- Location of Wanne, Germany
- Wanne, Germany Wanne, Germany
- Coordinates: 48°32′13″N 9°02′42″E﻿ / ﻿48.537°N 9.045°E
- Country: Germany
- State: Baden-Württemberg
- Admin. region: Tübingen
- Town: Tübingen

Population (2022)
- • Total: 5,665
- Time zone: UTC+01:00 (CET)
- • Summer (DST): UTC+02:00 (CEST)
- Postal codes: 72076
- Vehicle registration: TÜ

= Wanne, Germany =

Wanne (/de/) is a residential area in the northern outskirts of the city of Tübingen, Germany. It is situated on a south-facing slope. To the north of Wanne lies the nature protection area of the Schönbuch.

==Description==
The district borders Waldhäuser Ost and Schönblick/Winkelwiese to the east and the university district to the south and west. In the north, the district extends to the Goldersbach river.

The area consists mainly of housing built 1980s.
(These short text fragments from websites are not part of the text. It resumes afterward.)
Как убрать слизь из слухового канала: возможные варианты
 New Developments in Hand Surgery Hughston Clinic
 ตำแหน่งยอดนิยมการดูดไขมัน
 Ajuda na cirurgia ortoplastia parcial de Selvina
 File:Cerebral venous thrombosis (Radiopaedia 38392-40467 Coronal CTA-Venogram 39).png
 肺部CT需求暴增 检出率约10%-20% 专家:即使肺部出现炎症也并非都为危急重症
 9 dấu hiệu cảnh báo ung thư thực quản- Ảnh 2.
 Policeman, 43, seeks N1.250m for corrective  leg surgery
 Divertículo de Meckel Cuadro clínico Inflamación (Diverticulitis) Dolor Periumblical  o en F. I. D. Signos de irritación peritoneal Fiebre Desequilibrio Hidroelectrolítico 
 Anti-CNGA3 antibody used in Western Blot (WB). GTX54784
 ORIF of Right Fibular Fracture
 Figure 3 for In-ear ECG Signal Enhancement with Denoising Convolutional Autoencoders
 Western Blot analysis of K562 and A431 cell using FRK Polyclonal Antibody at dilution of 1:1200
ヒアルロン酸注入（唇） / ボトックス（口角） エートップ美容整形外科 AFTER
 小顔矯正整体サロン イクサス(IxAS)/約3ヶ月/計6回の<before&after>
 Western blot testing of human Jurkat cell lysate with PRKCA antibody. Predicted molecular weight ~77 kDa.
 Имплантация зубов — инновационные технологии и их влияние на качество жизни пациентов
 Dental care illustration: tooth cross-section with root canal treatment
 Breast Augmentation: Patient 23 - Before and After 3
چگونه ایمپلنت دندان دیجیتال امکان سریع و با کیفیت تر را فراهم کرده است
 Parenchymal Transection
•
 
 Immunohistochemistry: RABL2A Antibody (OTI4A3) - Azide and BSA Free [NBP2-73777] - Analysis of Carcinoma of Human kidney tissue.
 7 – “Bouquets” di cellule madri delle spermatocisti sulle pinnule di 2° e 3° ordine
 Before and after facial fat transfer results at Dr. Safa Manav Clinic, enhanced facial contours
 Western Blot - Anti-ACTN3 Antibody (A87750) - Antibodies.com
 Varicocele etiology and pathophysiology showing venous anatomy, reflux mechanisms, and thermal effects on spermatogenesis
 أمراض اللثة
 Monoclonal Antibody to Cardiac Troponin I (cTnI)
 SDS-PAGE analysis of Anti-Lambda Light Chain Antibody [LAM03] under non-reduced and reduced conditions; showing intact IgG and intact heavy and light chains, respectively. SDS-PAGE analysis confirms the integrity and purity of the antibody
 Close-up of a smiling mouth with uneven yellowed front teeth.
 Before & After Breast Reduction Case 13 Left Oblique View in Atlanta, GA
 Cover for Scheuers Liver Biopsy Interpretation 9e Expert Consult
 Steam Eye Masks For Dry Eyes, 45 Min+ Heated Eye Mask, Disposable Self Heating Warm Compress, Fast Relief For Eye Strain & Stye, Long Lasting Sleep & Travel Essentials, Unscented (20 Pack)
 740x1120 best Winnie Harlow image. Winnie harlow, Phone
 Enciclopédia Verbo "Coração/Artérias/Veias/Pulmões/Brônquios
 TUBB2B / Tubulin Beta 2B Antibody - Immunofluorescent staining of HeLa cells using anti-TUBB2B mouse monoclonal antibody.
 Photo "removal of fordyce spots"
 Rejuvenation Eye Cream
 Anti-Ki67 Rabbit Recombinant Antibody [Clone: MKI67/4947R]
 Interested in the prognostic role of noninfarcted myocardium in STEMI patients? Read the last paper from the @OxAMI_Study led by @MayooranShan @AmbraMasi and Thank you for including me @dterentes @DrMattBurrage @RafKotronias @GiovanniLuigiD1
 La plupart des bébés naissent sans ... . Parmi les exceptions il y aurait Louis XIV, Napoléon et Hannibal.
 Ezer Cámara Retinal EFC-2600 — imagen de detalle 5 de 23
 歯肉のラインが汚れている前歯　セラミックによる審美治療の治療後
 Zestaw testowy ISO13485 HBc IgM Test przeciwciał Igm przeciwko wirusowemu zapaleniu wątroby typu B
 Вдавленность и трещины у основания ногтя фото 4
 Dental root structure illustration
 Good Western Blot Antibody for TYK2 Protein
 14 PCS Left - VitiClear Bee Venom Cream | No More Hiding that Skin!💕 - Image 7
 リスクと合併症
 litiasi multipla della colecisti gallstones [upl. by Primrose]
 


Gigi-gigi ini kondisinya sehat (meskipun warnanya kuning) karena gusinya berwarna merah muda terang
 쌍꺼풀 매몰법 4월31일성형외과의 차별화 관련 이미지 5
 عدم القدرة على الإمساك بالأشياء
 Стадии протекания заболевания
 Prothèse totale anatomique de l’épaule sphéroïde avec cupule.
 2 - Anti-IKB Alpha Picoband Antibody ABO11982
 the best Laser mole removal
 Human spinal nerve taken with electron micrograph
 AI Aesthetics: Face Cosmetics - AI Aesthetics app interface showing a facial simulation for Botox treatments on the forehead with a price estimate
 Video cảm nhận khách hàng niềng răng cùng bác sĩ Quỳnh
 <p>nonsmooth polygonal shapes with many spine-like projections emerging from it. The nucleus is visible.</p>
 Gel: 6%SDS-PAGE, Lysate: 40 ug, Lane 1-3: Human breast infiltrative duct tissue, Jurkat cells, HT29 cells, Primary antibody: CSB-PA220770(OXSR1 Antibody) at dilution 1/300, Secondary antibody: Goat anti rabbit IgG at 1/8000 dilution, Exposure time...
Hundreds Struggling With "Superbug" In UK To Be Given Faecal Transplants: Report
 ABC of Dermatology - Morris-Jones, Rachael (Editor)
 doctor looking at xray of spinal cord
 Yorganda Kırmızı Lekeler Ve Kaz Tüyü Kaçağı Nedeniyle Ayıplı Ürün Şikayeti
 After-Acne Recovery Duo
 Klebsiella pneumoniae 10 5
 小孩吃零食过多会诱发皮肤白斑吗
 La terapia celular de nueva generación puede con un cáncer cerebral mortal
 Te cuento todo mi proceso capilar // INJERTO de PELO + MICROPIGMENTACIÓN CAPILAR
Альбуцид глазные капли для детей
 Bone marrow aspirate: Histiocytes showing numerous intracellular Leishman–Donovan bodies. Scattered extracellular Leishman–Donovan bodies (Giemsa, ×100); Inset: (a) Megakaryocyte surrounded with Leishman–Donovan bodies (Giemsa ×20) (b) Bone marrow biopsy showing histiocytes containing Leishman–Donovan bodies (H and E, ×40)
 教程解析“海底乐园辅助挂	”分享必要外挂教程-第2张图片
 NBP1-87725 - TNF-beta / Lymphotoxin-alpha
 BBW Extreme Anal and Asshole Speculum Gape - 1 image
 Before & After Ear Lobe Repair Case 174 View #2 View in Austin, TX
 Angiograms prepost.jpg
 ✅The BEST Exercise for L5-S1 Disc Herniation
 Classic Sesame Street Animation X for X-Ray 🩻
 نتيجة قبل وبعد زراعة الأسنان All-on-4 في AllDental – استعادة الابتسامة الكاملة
Wanne is popular as a residential area because of its vicinity to the nature reserve, its elevation and southern exposure. It is also a popular location for people working at the Morgenstelle, a large complex of university buildings on the opposite slope, and at the cluster of university hospitals south of the complex. However, Wanne lacks shops and is not well connected to the historic city center of Tübingen.